California's under-performing schools highlight need for school choice
California’s K-12 students have some of the lowest standardized test scores in the nation. Further, the performance gap separating white students from their black and Hispanic classmates is larger in California than it is nationwide. California’s children are suffering, but what can we do about it?
School choice would improve California’s public education system and narrow the racial performance gap. As one report shows, black students perform better in charter schools than in traditional public schools:
As the studies and stories in this issue brief indicate, public charter schools are making a positive impact on Black students.
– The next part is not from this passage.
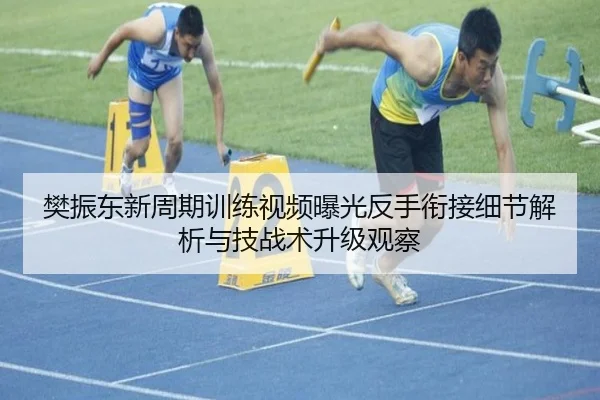 樊振东新周期训练视频曝光反手衔接细节解析与技战术升级观察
If we are truly committed to closing the learning gap in America, we must pay more attention to these findings and re-double our commitment to making these public school options available to more students across the country.
This is why Virginia Walden Ford, a civil rights pioneer who fought to eliminate racial segregation in public schools, said: “School choice is the civil rights battle of the 21st century.”
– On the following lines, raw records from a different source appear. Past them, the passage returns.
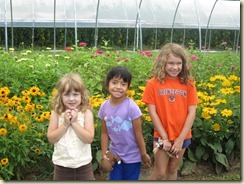 IMG_2246 IMG_2246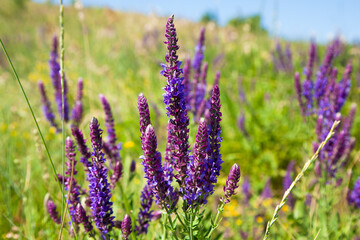 lavender field in provence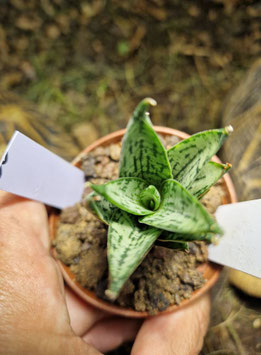 Sansevieria "Ice Thorn"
Charter schools are secular and tuition-free and they out-perform traditional public schools. They provide hope for families, especially ones who are financially unable to pull their children out of failing schools and send them to private schools.
Not surprisingly, the popularity of charter schools in California has soared in recent years. Because there aren’t enough charter schools to fill the demand, more than 70,000 students in California were placed on charter school waiting lists. That especially has been a problem in Los Angeles, where huge numbers of students are trying to switch from traditional public schools to charter schools.
Unfortunately, there have been efforts by California school districts to thwart the success of charter schools. So, Pacific Legal Foundation has stepped in to protect school choice in two very important cases. If a court incorrectly decides either of those cases, school districts would be free to ignore Proposition 39, the voter-enacted state constitutional amendment that requires school districts to equally treat traditional public schools and charter schools.